August 21, 2001

Amtrak Chief Executive Officer George Warrington and U.S. Sen. Richard Durbin (D-Ill.) met with more than 30 Illinois mayors and economic-development officials August 13 to ask their support for legislation that could make $12 billion in federal funding available to build high-speed track for passenger trains.

“I am optimistic we will see action on this bill this fall,” Warrington told the group, which had gathered in a hearing room in the State Capitol in Springfield to hear about S. 250, the High Speed Rail Investment Act.

“As a senator I can tell you that Congress listens when mayors reach out and ask for action,” Durbin said. “I think it would be great if every mayor in this nation were to contact their state’s senators and congressional representatives and ask them to pass the High Speed Rail Investment Act.”
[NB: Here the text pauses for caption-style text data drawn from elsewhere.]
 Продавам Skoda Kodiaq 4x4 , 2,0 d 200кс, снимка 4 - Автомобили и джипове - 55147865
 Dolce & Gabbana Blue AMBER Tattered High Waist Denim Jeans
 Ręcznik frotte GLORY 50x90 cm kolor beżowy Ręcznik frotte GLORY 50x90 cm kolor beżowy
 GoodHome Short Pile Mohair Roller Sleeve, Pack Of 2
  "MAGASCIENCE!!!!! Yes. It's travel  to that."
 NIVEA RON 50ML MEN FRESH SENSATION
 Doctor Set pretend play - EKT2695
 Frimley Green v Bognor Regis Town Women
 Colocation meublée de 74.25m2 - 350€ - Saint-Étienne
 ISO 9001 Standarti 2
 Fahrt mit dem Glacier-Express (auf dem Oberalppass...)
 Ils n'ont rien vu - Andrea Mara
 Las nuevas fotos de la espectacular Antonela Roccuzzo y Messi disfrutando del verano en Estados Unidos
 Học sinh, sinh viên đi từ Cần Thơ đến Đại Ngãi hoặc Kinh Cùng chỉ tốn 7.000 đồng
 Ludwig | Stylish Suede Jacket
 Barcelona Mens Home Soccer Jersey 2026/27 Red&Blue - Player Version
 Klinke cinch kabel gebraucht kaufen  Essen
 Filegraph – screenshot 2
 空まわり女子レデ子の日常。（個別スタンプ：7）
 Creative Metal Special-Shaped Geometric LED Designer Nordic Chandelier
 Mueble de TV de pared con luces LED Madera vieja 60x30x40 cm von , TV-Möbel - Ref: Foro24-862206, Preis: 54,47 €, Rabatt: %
Passage of S. 250 would allow Amtrak to raise up to $12 billion over a ten-year period by selling bonds to investors. Instead of being paid back in cash dividends, the investors would receive federal tax credits which could be sold to corporations seeking to reduce their federal taxes. Amtrak would use the proceeds of the bond sales to build advanced track, signal and safety systems that would permit higher trains speeds along ten intercity routes designated by the Federal Railroad Administration as high-speed passenger-train corridors.

“Chicago-Springfield-St. Louis is a very powerful corridor” that would be eligible for funding under S. 250, Warrington told the civic officials. Illinois Transp. Sec. Kirk Brown reminded the audience that Illinois already has committed $70 million in funds from Gov. George Ryan’s “Illinois First” program to upgrading 118 miles of the Chicago-St. Louis line between Mazonia, just north of Dwight, and Springfield. In fact, several of those attending the conference saw the track improvements in progress while riding Amtrak from Chicago to Springfield. Ballasting, tie replacement and installation of 115-lb. welded rail on curves is well under way, and high-speed turnouts have been assembled in panels so that trains will be able to enter and leave sidings without slowing down to a crawl.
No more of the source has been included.